GIVEN RECORDS: Begin

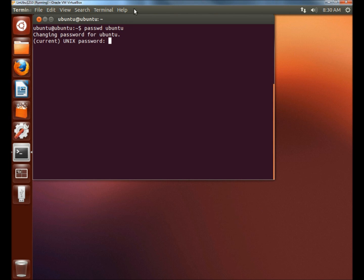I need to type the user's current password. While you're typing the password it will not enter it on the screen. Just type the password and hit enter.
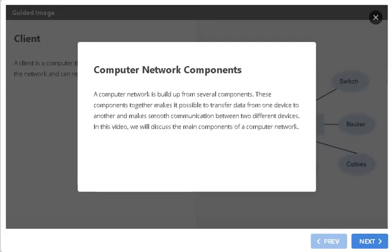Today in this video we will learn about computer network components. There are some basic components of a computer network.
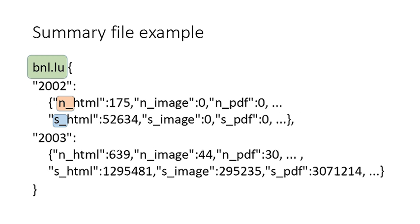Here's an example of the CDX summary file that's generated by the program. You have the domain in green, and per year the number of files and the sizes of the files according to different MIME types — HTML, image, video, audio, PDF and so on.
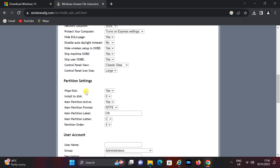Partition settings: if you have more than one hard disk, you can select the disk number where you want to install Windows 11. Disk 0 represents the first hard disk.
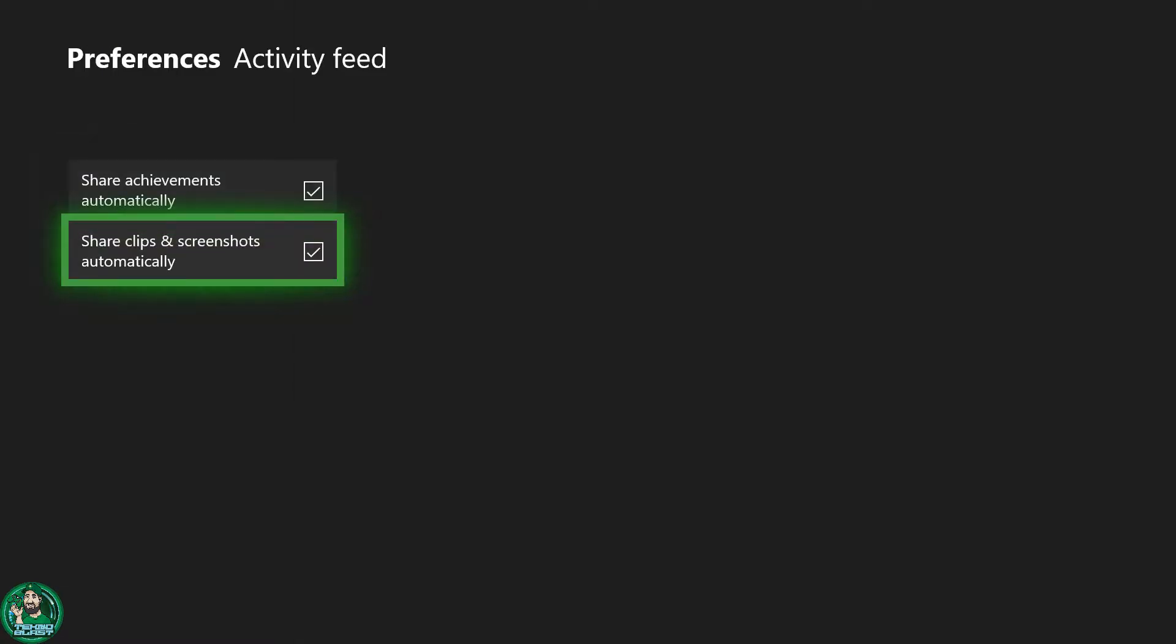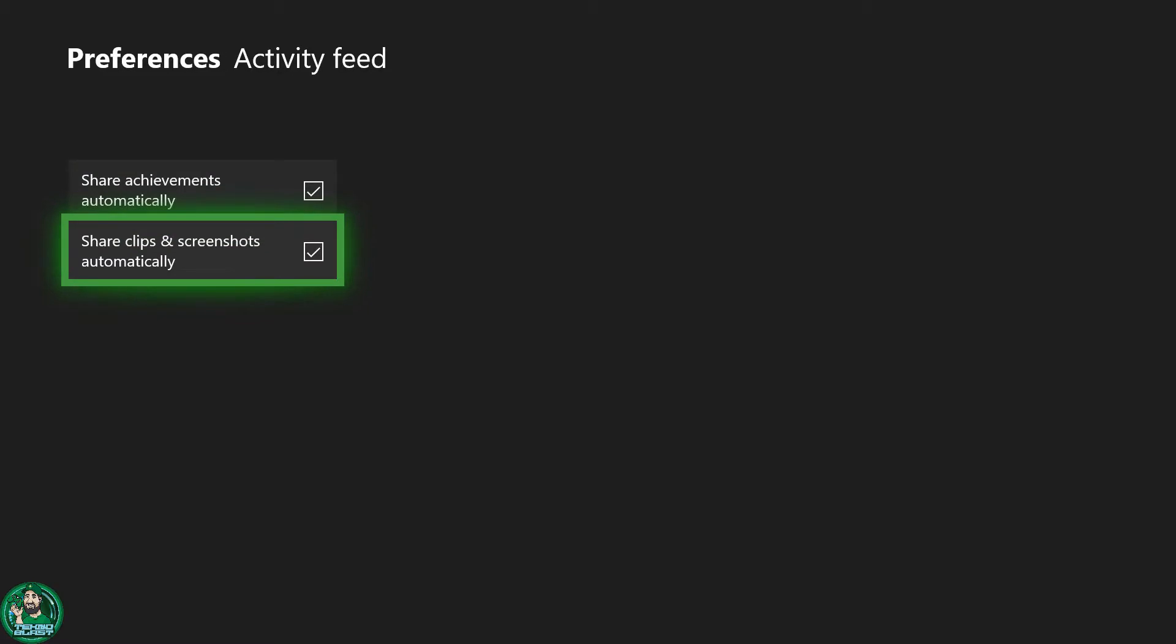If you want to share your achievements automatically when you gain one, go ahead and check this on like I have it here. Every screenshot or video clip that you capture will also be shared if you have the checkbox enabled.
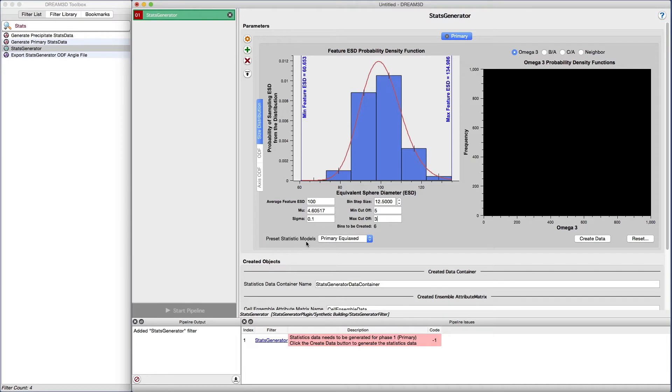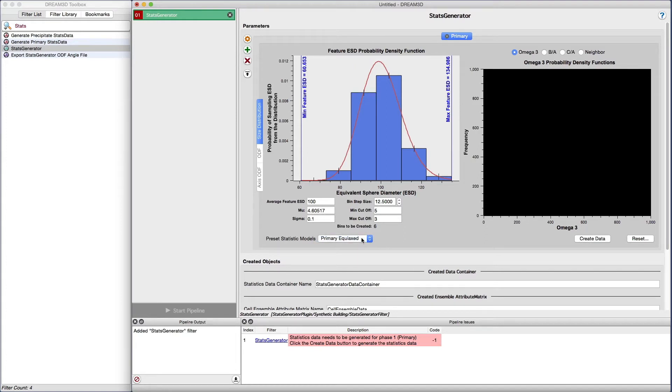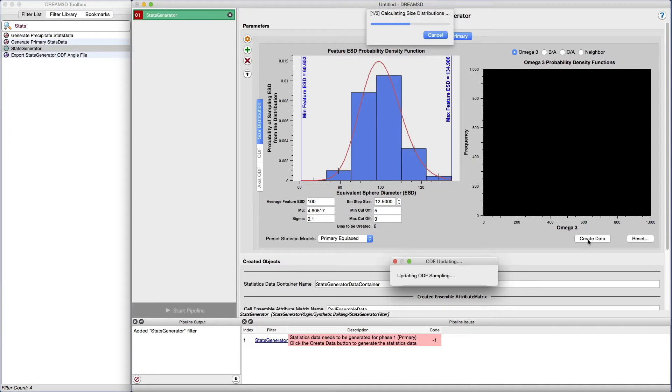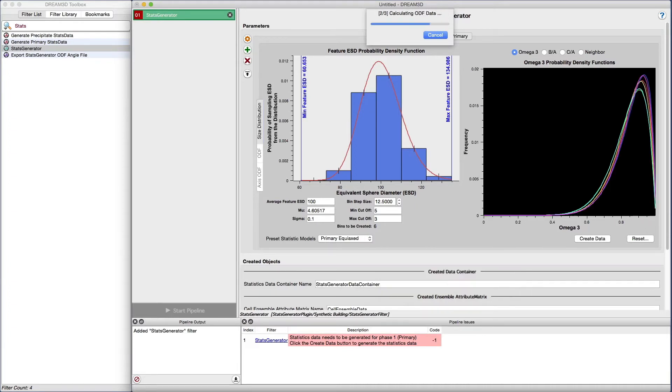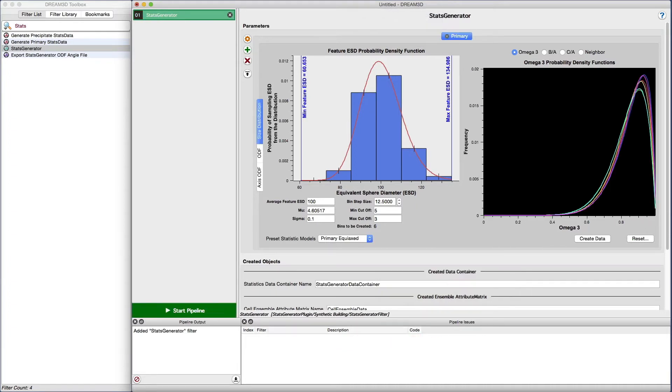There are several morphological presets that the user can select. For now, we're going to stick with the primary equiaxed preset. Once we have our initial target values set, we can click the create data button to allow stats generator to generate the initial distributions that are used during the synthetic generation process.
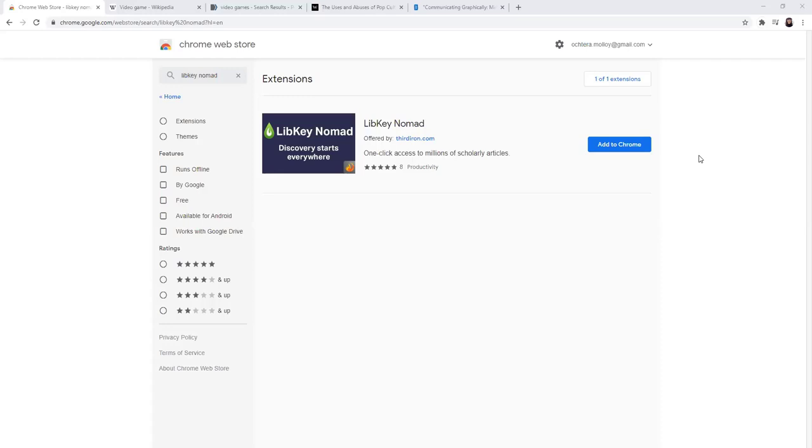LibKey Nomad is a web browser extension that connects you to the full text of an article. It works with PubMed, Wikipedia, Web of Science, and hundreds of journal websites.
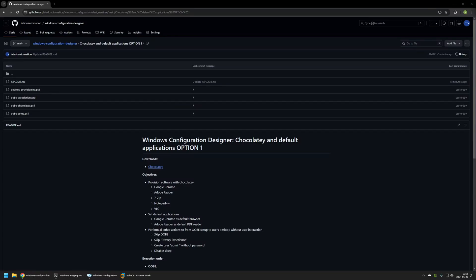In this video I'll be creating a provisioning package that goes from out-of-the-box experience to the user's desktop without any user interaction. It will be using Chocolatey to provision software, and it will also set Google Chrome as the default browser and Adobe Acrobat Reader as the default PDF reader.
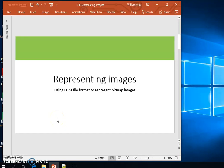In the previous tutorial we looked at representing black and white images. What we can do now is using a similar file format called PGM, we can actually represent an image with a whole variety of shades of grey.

GIVEN RECORDS: End

• _YOUR INSTRUCTIONS_: Pictures stay out. Copy exactly, and only, the lines from the one containing "LibKey Nomad is" through the end of the data.

• _SOLUTION TO THIS EXERCISE_:
LibKey Nomad is a web browser extension that connects you to the full text of an article. It works with PubMed, Wikipedia, Web of Science, and hundreds of journal websites.
In this video I'll be creating a provisioning package that goes from out-of-the-box experience to the user's desktop without any user interaction. It will be using Chocolatey to provision software, and it will also set Google Chrome as the default browser and Adobe Acrobat Reader as the default PDF reader.
In the previous tutorial we looked at representing black and white images. What we can do now is using a similar file format called PGM, we can actually represent an image with a whole variety of shades of grey.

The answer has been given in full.